2. The method as recited in claim 1, wherein the receiving comprises determining an idle state of the secure application, wherein the idle state of the secure application is determined based on inactivity on a screen of the mobile device for a pre-defined time.

3. The method as recited in claim 1, wherein the extracting the biometric pattern comprises identifying the plurality of parameters associated with the input received from the user.

4. The method as recited in claim 3, wherein the plurality of parameters comprise finger pressure, duration of touch, fingers in right/left hands, movement of the fingers, and scroll patterns.

5. The method as recited in claim 1, wherein the comparing comprises retrieving the plurality of reference patterns from a repository associated with the mobile device.

6. The method as recited in claim 1 further comprises predefining the plurality of reference patterns, wherein the pre-defining comprises:

creating at least one reference pattern, wherein the at least one reference pattern includes the plurality of parameters; and

associating the at least one reference pattern with the secure application.

7. The method as recited in claim 1 further comprising assigning an idle time-out value to the secure application of the mobile device, wherein the idle time-out value defines duration of time for which the secure application is in an inactive state.

8. The method as recited in claim 1, wherein the input is a touch event.

9. The method as recited in claim 8, wherein the touch event is one of a password and a pattern.

10. A mobile device for authenticating a user for accessing a secure application configured on the mobile device, the mobile device comprising:

a processor;

a detection module coupled to the processor, the detection module configured to,

receive an input from a user for accessing the secure application, wherein the input is associated with a plurality of parameters;

determine a biometric pattern generated based on the input received from the user; and

a security module coupled to the processor, the security module configured to,

extract a plurality of reference patterns from a repository, wherein the plurality of reference patterns are pre-defined by an owner of the mobile device;

compare the biometric pattern with the plurality of reference patterns;

authenticate the user when the biometric pattern matches a reference pattern from the plurality of reference patterns, wherein the reference pattern is associated with the secure application; and

allow the user to access the secure application.

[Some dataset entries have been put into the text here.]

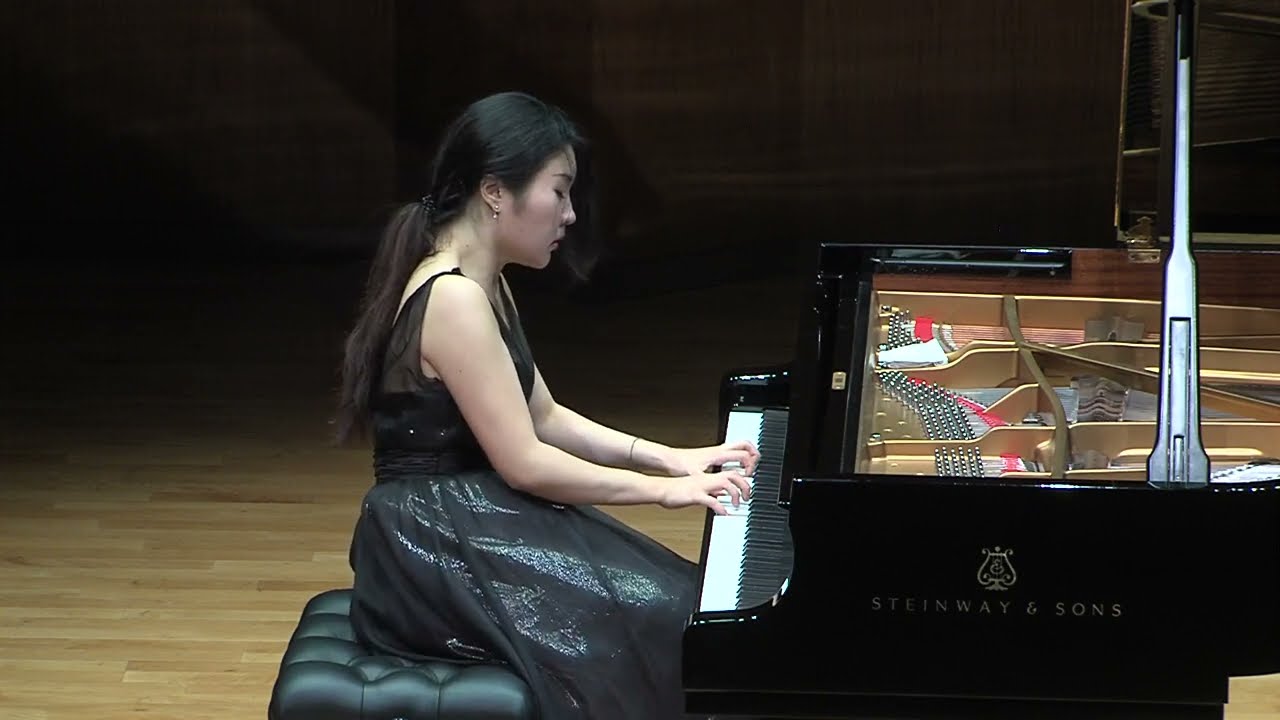 F. Schubert Piano Sonata No.19 in C minor, D.958 - Chloe Jiyeong Mun 문지영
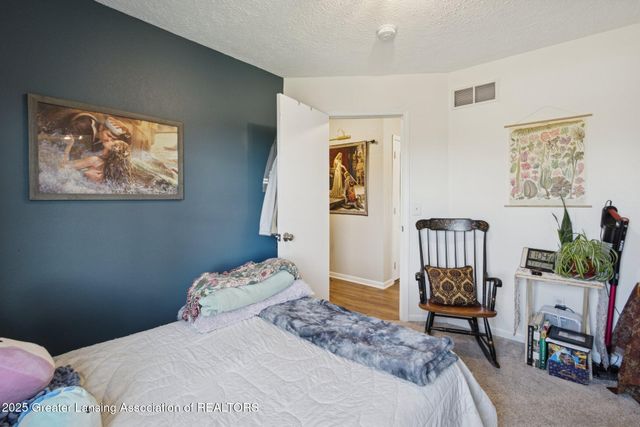 2663 Carlisle Highway, Charlotte, MI 48813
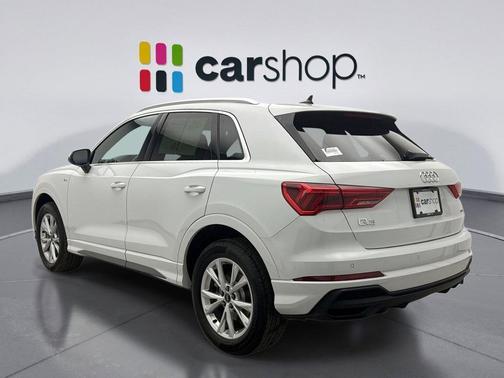 Glacier White 2025 Audi Q3 Premium 45 TFSI S line quattro Tiptronic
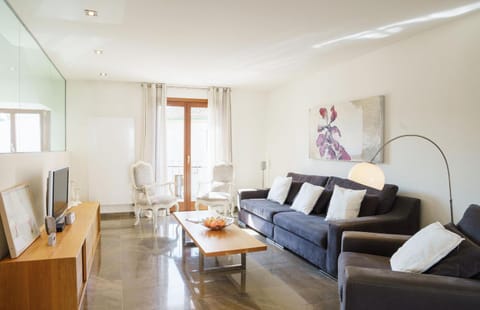 Communal lounge/ TV room, Living room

11. The mobile device as claimed recited in claim 10 further comprises a training module configured to,

generate the at least one reference pattern to be defined by the owner of the mobile device;

associate the at least one reference pattern with the secure applications; and

assign an idle time-out value for the secure applications, wherein the idle time-out value is based on inactivity of a touch screen of the mobile device.

12. The mobile device as recited in claim 10, wherein the security module is a pluggable authentication module configured to be plugged with selective applications for being protected from unauthorized usage.

13. The mobile device as recited in claim 10, wherein the secure applications comprise a banking application, short message service (SMS) application, and an e-mailing application.

14. The mobile device as recited in claim 10, wherein the non-secure applications comprise a gaming application and a music player application.

15. A computer readable medium having embodied thereon a computer program for executing a method for authenticating a user for providing access to a secure application configured on a mobile device, the method comprising:

receiving an input from the user for accessing the secure application, wherein the input is associated with a plurality of parameters;

extracting a biometric pattern from the input received from the user, wherein the biometric pattern is generated from the plurality of parameters associated with the input;

comparing the biometric pattern with a plurality of reference patterns, wherein the plurality of reference patterns are pre-defined by an owner of the mobile device;

authenticating the user when the biometric pattern matches a reference pattern associated with the secure application; and

allowing the user to access the secure application of the mobile device.